We, you know, really the focus there is now that we have two FXRs where we've defined doses for future combination, it would ultimately reside in potential combinations down the road through business development activities. But those would be activities that would be conducted by the partner. Okay. Thank you.

Seva Challa (Analyst)

Thanks.

Operator (participant)

Our next question coming from the line of Roanna Ruiz from SVB Securities. Your line is open.

Roanna Ruiz (Analyst)

Good afternoon. A question on your new adult RSV study. Could you talk a bit more about the rationale behind selecting high-risk patients that have asthma, chronic obstructive pulmonary disease or congestive heart failure over other possible comorbidities that could have conferred high risk? I know it's still in the works, but are you considering doing anything to help balance enrollment across these subgroups in the future trial, or are you thinking about other levers that you can pull here?

Jay R. Luly (President and CEO)

Sure. Why don't I ask Nathalie to take that one on in terms of the other subpopulation patients chosen and why?

Nathalie Adda (Former SVP and Chief Medical Officer)
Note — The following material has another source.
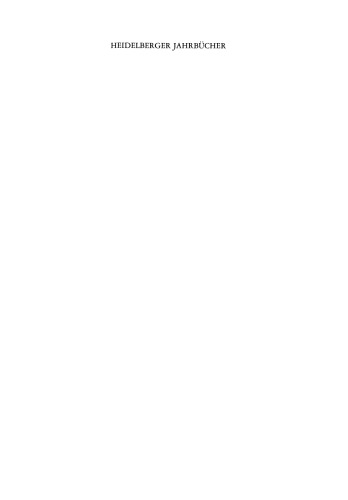 ﻿سالنامه هایدلبرگ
Maybe just simply answering that, you know, one of the patient populations that we are defining at higher risk of developing severe progression of RSV disease are well established, not only in FDA regulatory guidance, but also, you know, from a clinical standpoint. Patients with high risk are defined as being age of more than 65 years old, so they will be part of our next study for adults with high risk outpatient study. Typically, the ones that have COPD, that have congestive heart failure and asthma are also candidates to develop progression to severe disease with RSV. It is important obviously, you know, to look at that patient population to better understand, once you use an antiviral treatment, how you change the course of the progression of the disease.

Those are mainly the justification of why we are defining our adult high-risk patient, this way. Did I answer your question?

Roanna Ruiz (Analyst)

Yep. I was curious if you would do anything to balance enrollment across the different subgroups?
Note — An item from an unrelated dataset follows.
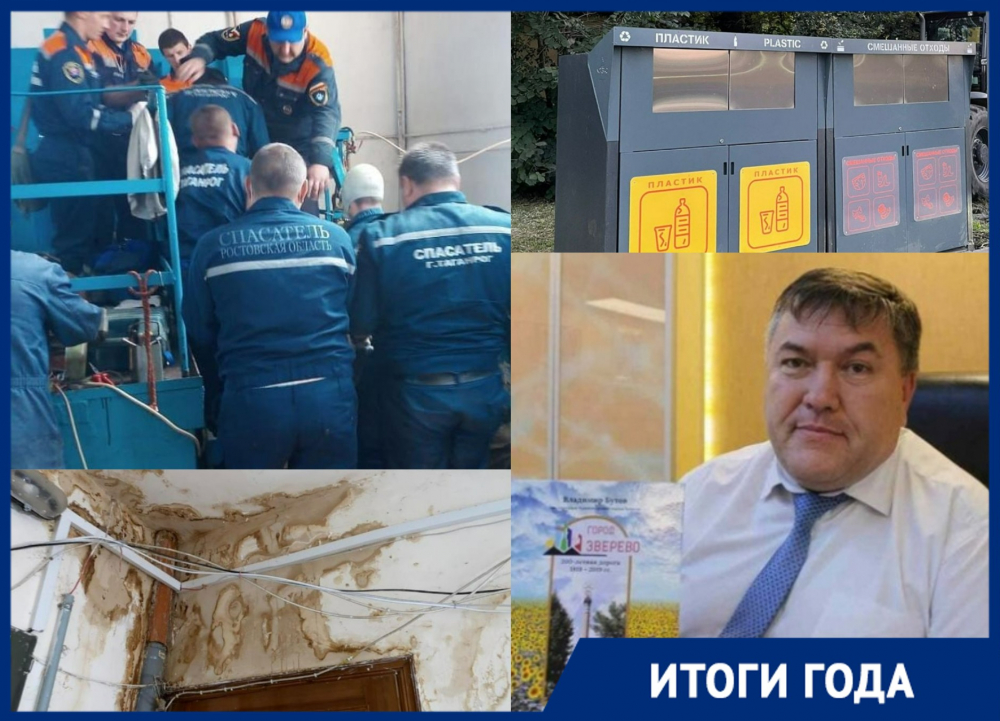 Трагедия на очистных и приход министра в Таганрог: что в 2021 году было в сфере ЖКХ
Nathalie Adda (Former SVP and Chief Medical Officer)

There's no particular need to stratify within this group. You know, there will be certainly, you know, once the study is enrolled completely, you know, as you know, we always look at different subpopulation if we need to. There's no need to stratify for now.

Roanna Ruiz (Analyst)

Understood.

Nathalie Adda (Former SVP and Chief Medical Officer)

Again, I think Jay has mentioned earlier that, you know, we will give a little bit more color on the protocol design, as we are getting closer, you know, to disclose it, and that's the discussion with our regulatory.

Roanna Ruiz (Analyst)

Got it. One more RSV question from me. Do you have any updates on how recruitment is going and with, for the RSV peds and, RSV TX studies? Have you noticed any seasonal trends or unusual seasonal trends, et cetera, across your different sites?

Jay R. Luly (President and CEO)

Yeah. As you might have seen, the RSV kind of spiked up, and it spiked back or trailed back down, and so it's actually very low rates, you know, presently. I think, you know, like before, we'll be looking for, you know, spikes in the southern hemisphere, followed by ultimately spikes in the northern hemisphere in the fall and early months.

Roanna Ruiz (Analyst)

Okay. Great. Thanks.

Jay R. Luly (President and CEO)

You're welcome.

Operator (participant)

Thank you. I will now turn the call back over to Jennifer Viera.

Jennifer Vieira (Executive Director of Investor Relations and Corporate Communications)

Thank you everyone for joining us today. If you have any additional questions, feel free to contact us by email or call the office. Thanks, and have a good night.

Operator (participant)

Ladies and gentlemen, that does end our conference for today. Thank you for your participation. You may now disconnect.